Burada bu üç konunun da bir mahkemeler konusu olduğunu, savcılık meselesi olduğunu, buranın gündem konusu olmadığını düşünerek grup önerisi konusundaki eleştirilerimi bir kenara bırakıp, şimdi Artvin ve maden konusundaki görüşlerimi arz etmek istiyorum.
Değerli arkadaşlar, Artvin iki şeye alışmak zorunda, birisi barajlar -alıştık- birisi de maden. Bundan kaçınmamız mümkün değil. Bu bir gerçek, Artvin’in gerçeği.

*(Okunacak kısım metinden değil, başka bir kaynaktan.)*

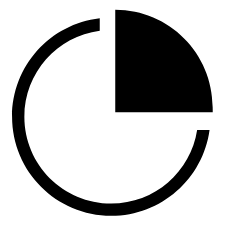rq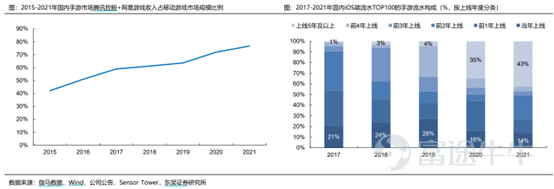 前期,言財已經針對美股的一季度行業總體情況進行了總結,言財君發佈一系列的文章對美國當下的經濟情況及重點關注行業出現的趨勢進行深度分析。 假如要總結美股科技行業一季度,通過重點公司的業績,言財君覺得可以總結爲以下4個關鍵點: ▷ 宏觀環境日趨複雜,高通脹對很多行業產生了較大影響,2C互聯網總體承壓 ▷ 奧密克戎毒性下降,社會活動逐步回覆正常,疫情受益股跌落神壇 ▷ 互聯網的競爭環境惡化,「卷」化嚴重 ▷ 2B端業務總體穩定,尤其是雲計算行業還在高速增長 這三個問題,實實在在的影響到了美股各個公司的基本面,從已經發布的公司業績上都能夠看出或大或小的跡象,並進一步影響到了美股的盈利預期。 在聯儲加息壓估值的過程當中,幾個因素的出現導致了美股出現殺業績的情況,形成了戴維斯雙擊。 那麼,過去一年多一直處在反壟斷與監管高壓之下的國內互聯網行業總體情況如何呢?有哪些行業依然承壓?又有哪些亮點,我們一起來看看。 一、國內互聯網行業整體情況:用戶紅利見頂,反壟斷之下,各顯神通 整體情況主要是根據QuestMobile的4月份報告進行分析,主要針對的是本輪...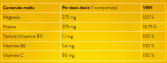 Magnesium + Potassium Orange Flavor 30 Tablets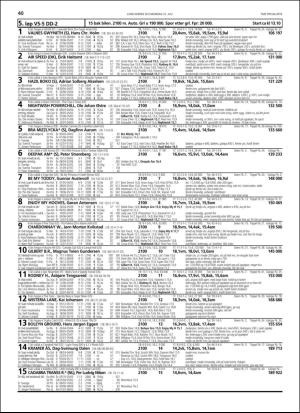 travoggaloppnytt_tips-20180725_000_00_00_040.pdf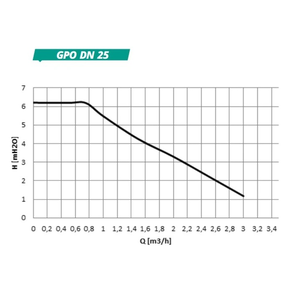 GEMA Pumpengruppe DN25 mit Kugelhan - Pumpengruppe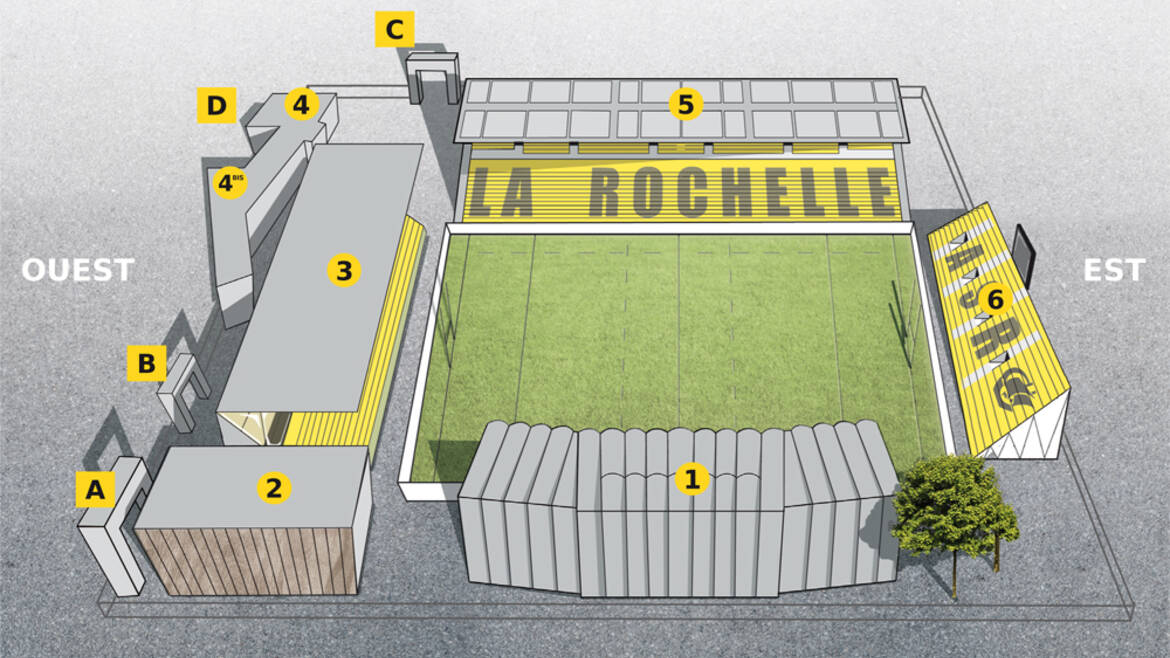 ASR - ST : toutes les infos !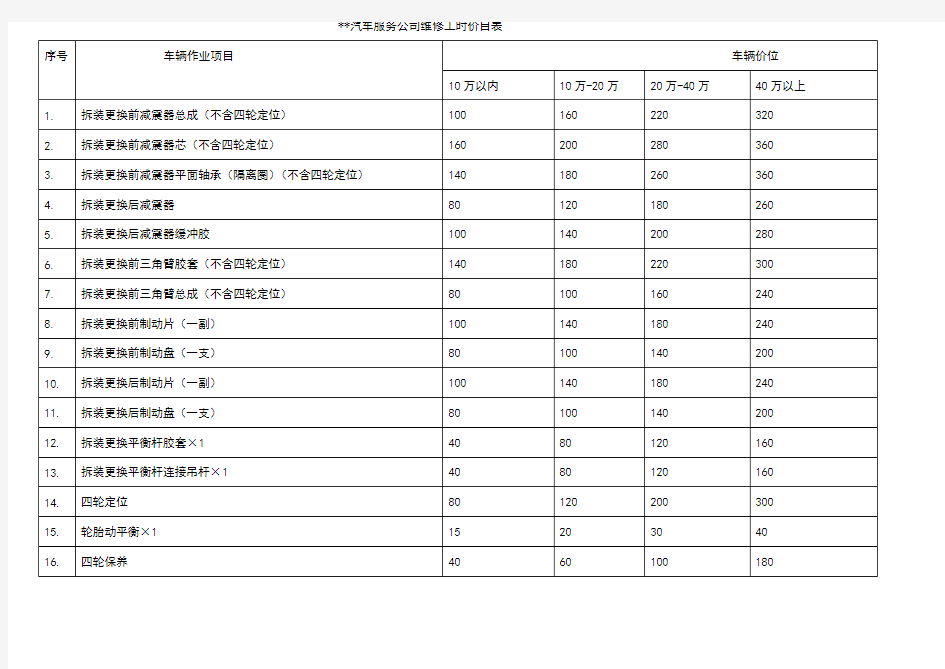 汽车维修报价表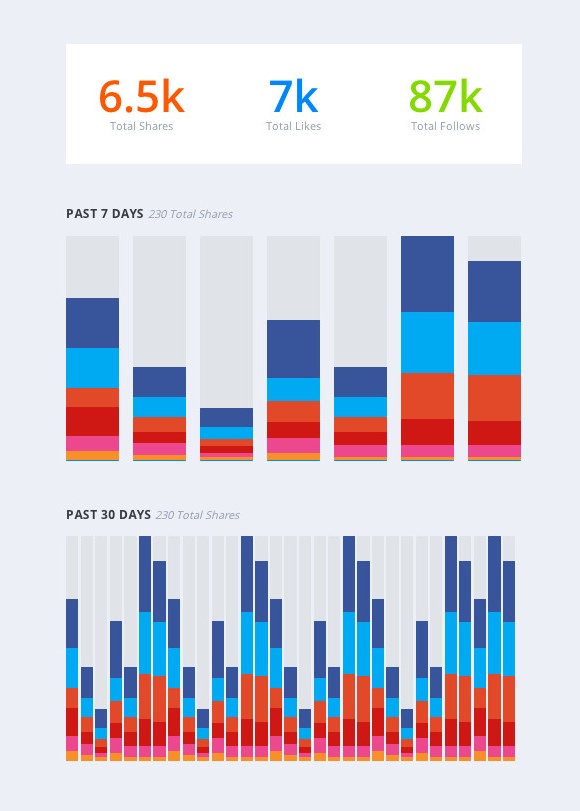 monarch-stats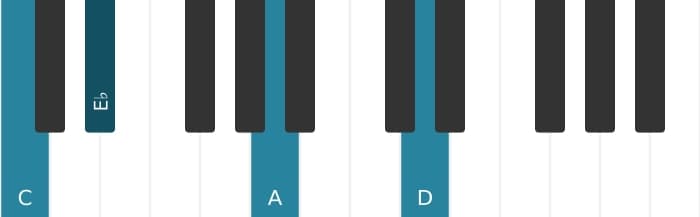 Piano-voicing van het C Mineur 69 akkoord - 3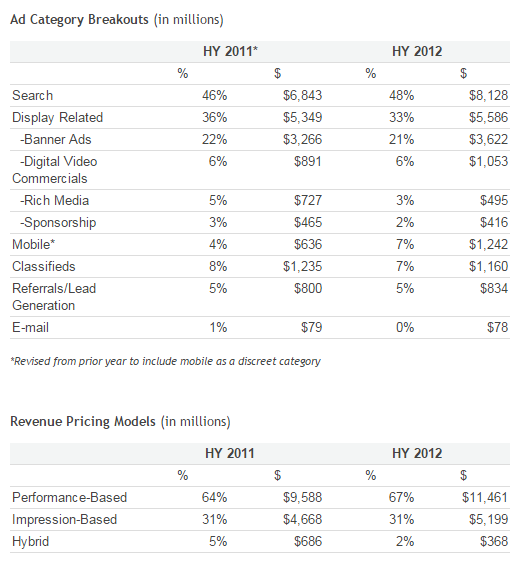 Internet Ad Revenues Rise to Historic $17 Billion in First Half 2012, Up 14% Over Half-Year 2011, According to IAB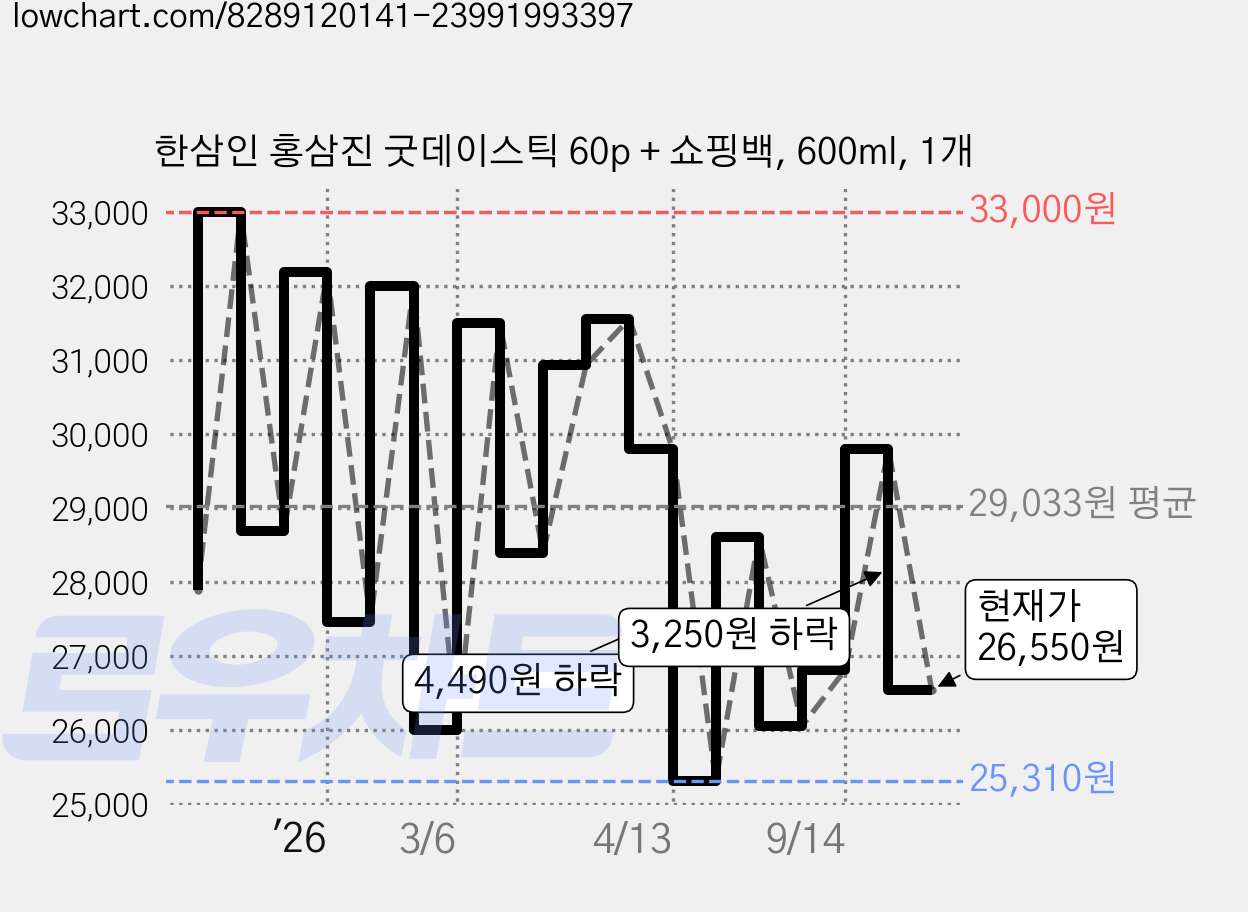 한삼인 홍삼진 굿데이스틱 60p + 쇼핑백, 600ml, 1개 가격 변동 차트, 현재가 26,550원, 관측 최저가 24,990원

Şu anda Yusufeli’nde maden çalışması var. Yeni ilçeyi kuruyoruz, yolu bile geçirtmediler, “Burada çok ciddi bir altın rezervi var.” diye maden çalışması başladı.
Şimdi, ülkenin çıkarları için… Yusufeli ilçesi bir baraja feda edildi, ilçe kalkıyor, şimdi, oradan da yolu öbür güzergâha geçirdik, “Maden var.” diye. Niye? Ülke ekonomisi için.
Artvin’in merkez köyü, aşağı maden, yukarı maden; şu anda madencilik faaliyeti var.
Benim Şavşat’taki ilçem Dere içi, şu anda sondaj çalışmaları yapılıyor. MTA, Artvin’in pek çok yerinde şu anda sondaj ve maden araştırma çalışmaları yapıyor.
Şimdi, tabii, bir yatırım yapılması gereken yerde yapılır. Yani her şeye karşı olanları ikna etmek mümkün değil ama benim, Artvin adına duyarlılığı olan, sağduyu sahibi insanlar olarak benim iki tane talebim var, iki mesele…
Bir, bu faaliyetleri yaparken Artvin ve Artvinlinin en asgari zararını temin etmek, zararı minimize etmek, çevreye de zararı minimize etmek. Bu çok önemli.
İkincisi, Artvin ekonomisini güçlendirmek, Artvin’in zenginleşmesi. Bu külfete Artvin tahammül ediyorsa, fedakârlık ediyorsa, Artvin halkı da, Artvin de bu nimetten istifade etmelidir.
Bakın, barajlar konusunda… Birçok ildeki barajlar o ilin sulaması içindir, Artvin’deki barajların hiçbiri sulama için değildir; ülke enerjisine, ülke ekonomisine katkı içindir ve Artvin’in, bütün barajlar tamamlandığı zaman, yıllık 1 milyar dolara yakın ülke ekonomisine getirisi olacak. Artvin böyle bir il. Ama Artvin halkının buradan bir faydası var mı? Acaba enerjiyi 5 kuruş ucuza mı veriyorlar Artvin’e? Hayır. Ama hiç olmazsa maden konusunda, bir: Şirketler hangi şirket olursa olsun ÇED kurallarına riayet etmeli. İki: Devlet yetkilileri de ülkemizin, Artvin’in çıkarlarını koruma noktasında sağlık il müdürlüğü, DSİ, çevre şehircilik il müdürlüğü ve belediye olsun, kim olursa olsun Artvin halkının hakkını ve hukukunu korumalı, ÇED kurallarının dışına, hukukun dışına çıkmaya asla izin vermemeli.
Bir diğeri de, bu madenlerle ilgili, Allah aşkına, yerel yönetimlerin ve belediyelerin il özel idarelerinin payları artırılsın ve Artvin bu madenlerden hiç olmazsa zenginleşsin, Artvin halkı kalkınsın diyorum.”